[Web page caption snippets]

=== Begin Enclosure ===

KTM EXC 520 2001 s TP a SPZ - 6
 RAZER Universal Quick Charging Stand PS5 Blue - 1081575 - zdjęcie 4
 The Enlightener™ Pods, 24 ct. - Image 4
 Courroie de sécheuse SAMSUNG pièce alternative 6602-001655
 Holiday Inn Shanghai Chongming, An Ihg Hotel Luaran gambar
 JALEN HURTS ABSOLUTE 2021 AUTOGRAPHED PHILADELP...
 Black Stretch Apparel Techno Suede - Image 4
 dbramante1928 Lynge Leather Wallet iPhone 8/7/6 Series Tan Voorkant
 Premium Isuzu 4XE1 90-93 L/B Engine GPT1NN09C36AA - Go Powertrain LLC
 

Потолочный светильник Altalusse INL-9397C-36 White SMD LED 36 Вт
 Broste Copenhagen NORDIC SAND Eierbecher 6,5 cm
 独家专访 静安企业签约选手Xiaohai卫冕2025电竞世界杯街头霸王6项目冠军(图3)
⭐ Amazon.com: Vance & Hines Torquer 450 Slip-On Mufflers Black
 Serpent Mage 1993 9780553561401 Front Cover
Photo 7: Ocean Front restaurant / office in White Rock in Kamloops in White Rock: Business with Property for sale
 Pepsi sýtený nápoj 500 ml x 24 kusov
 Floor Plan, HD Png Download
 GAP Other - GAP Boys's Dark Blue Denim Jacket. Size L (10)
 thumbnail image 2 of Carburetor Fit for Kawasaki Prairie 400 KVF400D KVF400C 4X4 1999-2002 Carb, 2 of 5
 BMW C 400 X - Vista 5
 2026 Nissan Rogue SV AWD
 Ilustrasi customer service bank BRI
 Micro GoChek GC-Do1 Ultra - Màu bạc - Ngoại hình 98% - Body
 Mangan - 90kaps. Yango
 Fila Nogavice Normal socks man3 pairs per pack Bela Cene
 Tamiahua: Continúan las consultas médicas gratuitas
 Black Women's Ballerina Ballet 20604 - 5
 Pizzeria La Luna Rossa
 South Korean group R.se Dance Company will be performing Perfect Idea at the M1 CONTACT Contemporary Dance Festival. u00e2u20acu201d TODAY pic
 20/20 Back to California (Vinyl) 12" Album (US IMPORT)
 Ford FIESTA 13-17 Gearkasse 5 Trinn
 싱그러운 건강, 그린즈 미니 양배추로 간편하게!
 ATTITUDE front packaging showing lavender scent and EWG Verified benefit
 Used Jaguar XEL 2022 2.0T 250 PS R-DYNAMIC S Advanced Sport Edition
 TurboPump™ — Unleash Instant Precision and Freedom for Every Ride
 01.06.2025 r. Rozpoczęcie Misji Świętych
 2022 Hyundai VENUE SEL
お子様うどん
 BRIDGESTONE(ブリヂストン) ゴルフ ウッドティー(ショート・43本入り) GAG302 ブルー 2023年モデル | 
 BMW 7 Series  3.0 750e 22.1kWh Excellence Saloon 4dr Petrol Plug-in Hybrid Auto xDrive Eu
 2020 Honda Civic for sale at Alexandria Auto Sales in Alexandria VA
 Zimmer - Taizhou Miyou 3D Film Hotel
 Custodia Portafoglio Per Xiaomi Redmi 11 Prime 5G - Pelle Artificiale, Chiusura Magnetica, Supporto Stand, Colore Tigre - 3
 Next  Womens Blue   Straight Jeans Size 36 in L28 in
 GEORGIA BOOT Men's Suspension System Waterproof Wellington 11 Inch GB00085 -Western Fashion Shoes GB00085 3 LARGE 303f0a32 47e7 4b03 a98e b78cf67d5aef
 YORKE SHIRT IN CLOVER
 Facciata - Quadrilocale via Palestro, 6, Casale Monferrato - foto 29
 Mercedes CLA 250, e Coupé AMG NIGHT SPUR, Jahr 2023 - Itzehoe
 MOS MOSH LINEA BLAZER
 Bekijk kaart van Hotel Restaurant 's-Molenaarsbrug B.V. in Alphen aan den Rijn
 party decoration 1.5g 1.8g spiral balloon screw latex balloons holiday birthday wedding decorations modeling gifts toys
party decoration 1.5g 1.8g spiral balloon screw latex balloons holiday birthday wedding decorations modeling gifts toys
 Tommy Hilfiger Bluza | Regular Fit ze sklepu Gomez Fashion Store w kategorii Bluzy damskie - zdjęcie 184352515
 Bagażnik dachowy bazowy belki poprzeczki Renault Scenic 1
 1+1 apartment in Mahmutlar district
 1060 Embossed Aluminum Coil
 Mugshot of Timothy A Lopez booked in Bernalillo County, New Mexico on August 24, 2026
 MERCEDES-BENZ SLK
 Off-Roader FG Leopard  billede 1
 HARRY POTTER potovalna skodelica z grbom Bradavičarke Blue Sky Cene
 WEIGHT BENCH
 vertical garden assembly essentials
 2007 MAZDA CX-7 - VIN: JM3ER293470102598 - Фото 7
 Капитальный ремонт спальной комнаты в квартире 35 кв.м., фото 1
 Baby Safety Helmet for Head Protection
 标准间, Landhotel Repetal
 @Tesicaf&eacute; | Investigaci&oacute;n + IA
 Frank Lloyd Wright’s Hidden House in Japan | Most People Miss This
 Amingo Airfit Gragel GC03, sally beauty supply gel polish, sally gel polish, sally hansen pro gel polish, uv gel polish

=== End Enclosure ===

Task requirements>
Copy the records above exactly, from the first line through the line containing "Потолочный светильник Altalusse", and include nothing else.

Written solution>
KTM EXC 520 2001 s TP a SPZ - 6
 RAZER Universal Quick Charging Stand PS5 Blue - 1081575 - zdjęcie 4
 The Enlightener™ Pods, 24 ct. - Image 4
 Courroie de sécheuse SAMSUNG pièce alternative 6602-001655
 Holiday Inn Shanghai Chongming, An Ihg Hotel Luaran gambar
 JALEN HURTS ABSOLUTE 2021 AUTOGRAPHED PHILADELP...
 Black Stretch Apparel Techno Suede - Image 4
 dbramante1928 Lynge Leather Wallet iPhone 8/7/6 Series Tan Voorkant
 Premium Isuzu 4XE1 90-93 L/B Engine GPT1NN09C36AA - Go Powertrain LLC
 

Потолочный светильник Altalusse INL-9397C-36 White SMD LED 36 Вт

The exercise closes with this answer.